The short answer is, Because it wouldn’t be a war. Boston is the world’s largest college town. There are already a pile of home-grown radio-ready program-filling goods here, if one bothers to dig and develop. The standard NPR line-up could also use a challenge from other producers. WGBH is already doing that in the mornings by putting The Takeaway up against Morning Edition. That succeeds for me because now I have more choices. I can jump back and forth between those two (which I do, and Howard Stern as well).

The longer answer is that it gives GBH a start on the inevitable replacement of signal-based radio by multiple streams and podcast line-ups. WGBH has an exemplary record as a producer of televsion programming, but it’s not setting the pace in other media, including radio. The story is apparent in the first four paragraphs of its About page (which is sure to change):

WGBH is PBS’s single largest producer of content for television (prime-time and children’s programs) and the Web. Some of your favorite series and websites — Nova, Masterpiece, Frontline, Antiques Roadshow, Curious George, Arthur, and The Victory Garden, to name a few — are produced here in our Boston studios.

WGBH also is a major supplier of programs heard nationally on public radio, including The World. And we’re a pioneer in educational multimedia and in media access technologies for people with hearing or vision loss.

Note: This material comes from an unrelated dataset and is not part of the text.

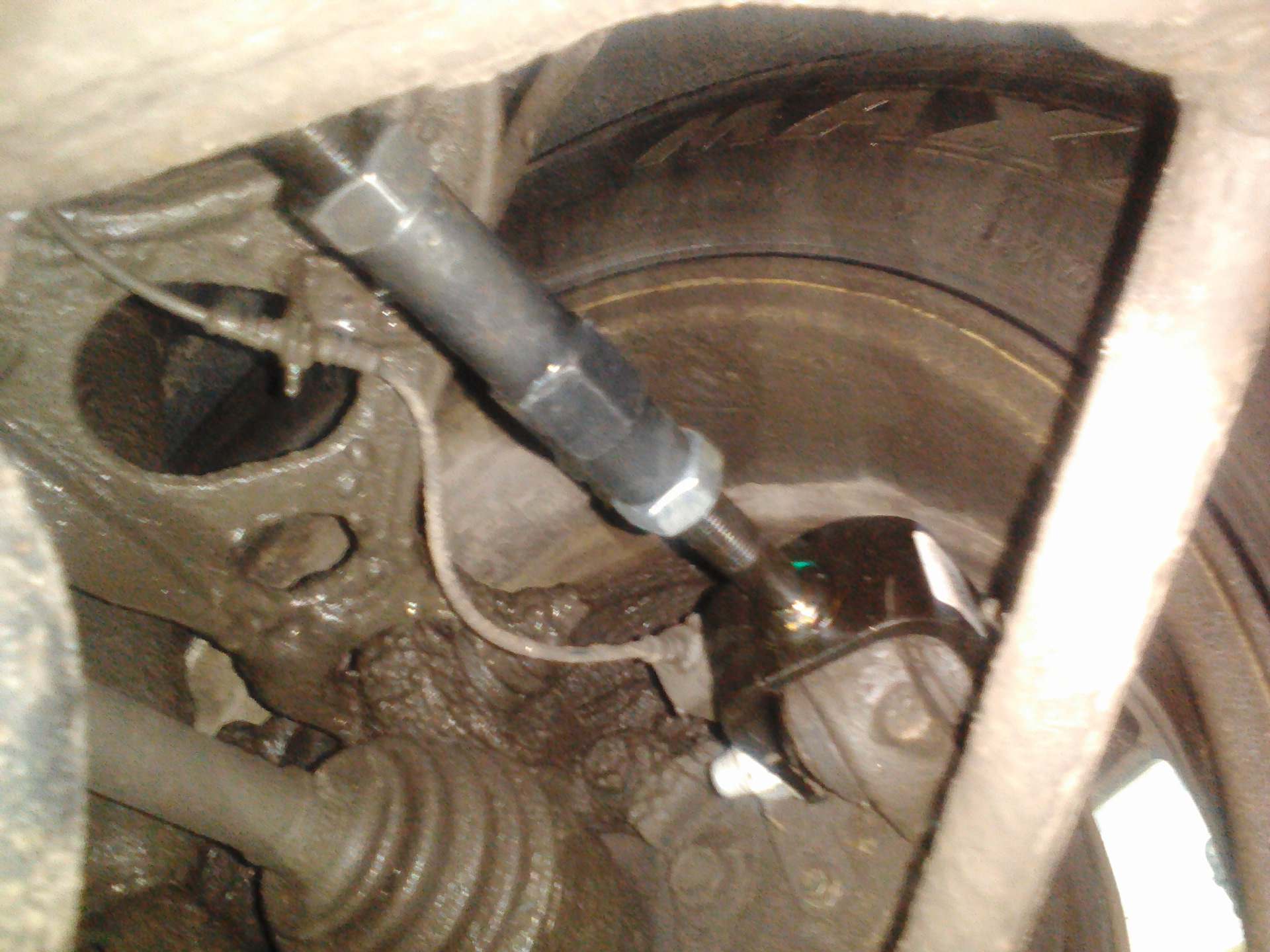 Отзывная компания форд эксплорер 5 — Ford Explorer (5G), 3,5 л, 2013 ...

Our community ties run deep. We’re a local public broadcaster serving southern New England, with 11 public television services and three public radio services — and productions (from Greater Boston to Jazz with Eric in the Evening) that reflect the issues and cultural riches of our region. We’re a member station of PBS and an affiliate of both NPR and PRI.

In today’s fast-changing media landscape, we’re making sure you can find our content when and where you choose — on TV, radio, the Web, podcasts, vodcasts, streaming audio and video, iPhone applications, groundbreaking teaching tools, and more. Our reach and impact keep growing.

Note the order: TV first, radio second, the rest of it third. But where WGBH needs to lead in the future is with #3: that last paragraph. Look at WGBH’s annual report. It’s very TV-heavy. Compare its radio productions to those of Chicago Public Radio or WNYC. Very strong in classical music (now moving over to WCRB, at least on the air), and okay-but-not-great in other stuff.

Public TV has already become a ghetto of geezers and kids, while the audience between those extrmes is diffusing across cable TV and other media. An increasingly negligible sum of people watch over-the-air (OTA) TV. Here WGBH lost out too. It’s old signal on Channel 2 was huge, reaching more households than any other in New England. Now it’s just another UHF digital signal — like its own WGBX/44, with no special advantages. Public radio is in better shape, for now, because its band isn’t the ever-growing accordion file that cable TV has become; and because most of it still lives in a regulated protectorate at the bottom fifth of the FM band. It also helps public radio that the rest of both the FM and the AM bands suck so royally. (Only sports and political talk are holding their own. Music programming is losing to file sharing and iPods. All-news stations are yielding to iPhone programs that offer better news, weather and traffic reporting. In Boston WBZ is still a landmark news station, but it has to worry a bit with WGBH going in the same direction.)

So the timing is right. WGBH needs to start sinking new wells into the aquifer of smart, talented and original people and organizations here in the Boston area — and taking the lead in producing great new programming with what they find. I’ll put in another plug for Chris Lydon‘s Open Source, which is currently available only in podcast/Web form. And there is much more, including Cambridge-based PRX‘s enormous portfolio of goods.  (Disclosure: my work with the Berkman Center is partially funded through PRX — and those folks, like Chris, are good friends.)

In the long run what will matter are sources, listeners, and the finite amount of time the latter can devote to the former. Not old-fashioned signals.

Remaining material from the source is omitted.